You can configure control plane nodes to be schedulable, meaning that new pods are allowed for placement on the master nodes. By default, control plane nodes are not schedulable.

You can set the masters to be schedulable, but must retain the worker nodes.

You can deploy OKD with no worker nodes on a bare metal cluster. In this case, the control plane nodes are marked schedulable by default.

You can allow or disallow control plane nodes to be schedulable by configuring the mastersSchedulable field.

When you configure control plane nodes from the default unschedulable to schedulable, additional subscriptions are required. This is because control plane nodes then become worker nodes.
Procedure

  1. Edit the schedulers.config.openshift.io resource.

    $ oc edit schedulers.config.openshift.io cluster

  2. Configure the mastersSchedulable field.

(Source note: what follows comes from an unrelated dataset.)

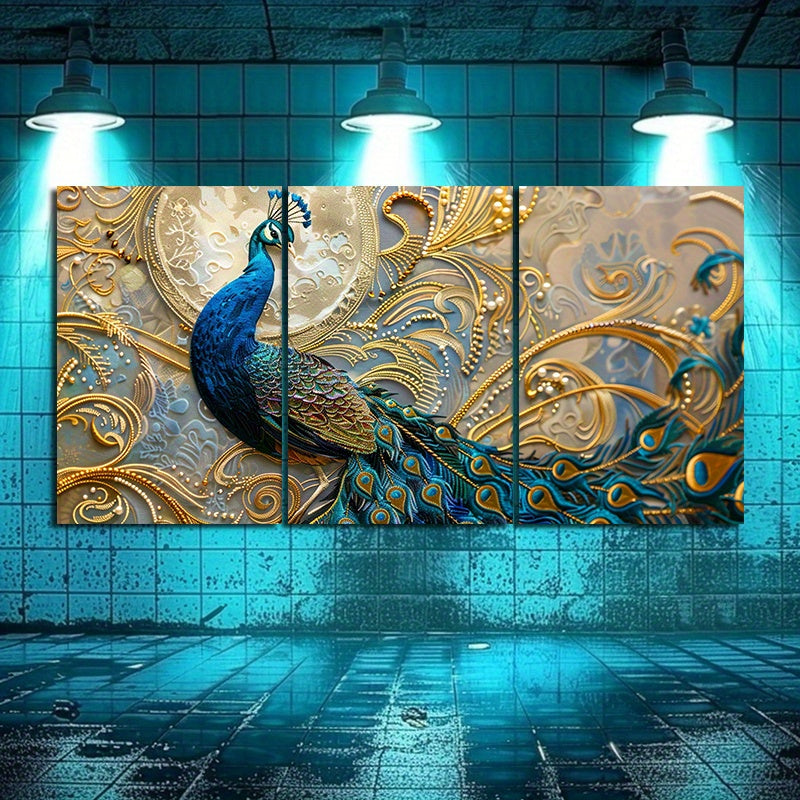 Set of 3 Peacock Canvas Wall Art Prints - Modern Abstract Style, Major Material Cloth, Frameless Triptych Decorative Paintings for Living Room, Bedroom, 12x18 Inches Each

    apiVersion: config.openshift.io/v1
kind: Scheduler
metadata:
  creationTimestamp: "2019-09-10T03:04:05Z"
  generation: 1
  name: cluster
  resourceVersion: "433"
  selfLink: /apis/config.openshift.io/v1/schedulers/cluster
  uid: a636d30a-d377-11e9-88d4-0a60097bee62
spec:
  mastersSchedulable: false (1)
status: {}
    1 Set to true to allow control plane nodes to be schedulable, or false to disallow control plane nodes to be schedulable.

  3. Save the file to apply the changes.

Deleting nodes

Deleting nodes from a cluster

When you delete a node using the CLI, the node object is deleted in Kubernetes, but the pods that exist on the node are not deleted. Any bare pods not backed by a replication controller become inaccessible to OKD. Pods backed by replication controllers are rescheduled to other available nodes. You must delete local manifest pods.

Procedure

To delete a node from the OKD cluster, edit the appropriate MachineSet object:

If you are running cluster on bare metal, you cannot delete a node by editing MachineSet objects. Machine sets are only available when a cluster is integrated with a cloud provider. Instead you must unschedule and drain the node before manually deleting it.

  1. View the machine sets that are in the cluster:

    $ oc get machinesets -n openshift-machine-api

    The machine sets are listed in the form of <clusterid>-worker-<aws-region-az>.

  2. Scale the machine set:

    $ oc scale --replicas=2 machineset <machineset> -n openshift-machine-api

    Or:

    $ oc edit machineset <machineset> -n openshift-machine-api

    You can alternatively apply the following YAML to scale the machine set:

    apiVersion: machine.openshift.io/v1beta1
kind: MachineSet
metadata:
  name: <machineset>
  namespace: openshift-machine-api
spec:
  replicas: 2
Additional resources

Deleting nodes from a bare metal cluster

When you delete a node using the CLI, the node object is deleted in Kubernetes, but the pods that exist on the node are not deleted. Any bare pods not backed by a replication controller become inaccessible to OKD. Pods backed by replication controllers are rescheduled to other available nodes. You must delete local manifest pods.

Procedure

Delete a node from an OKD cluster running on bare metal by completing the following steps:

  1. Mark the node as unschedulable:

    $ oc adm cordon <node_name>

  2. Drain all pods on the node:

    $ oc adm drain <node_name> --force=true

    This step might fail if the node is offline or unresponsive. Even if the node does not respond, it might still be running a workload that writes to shared storage. To avoid data corruption, power down the physical hardware before you proceed.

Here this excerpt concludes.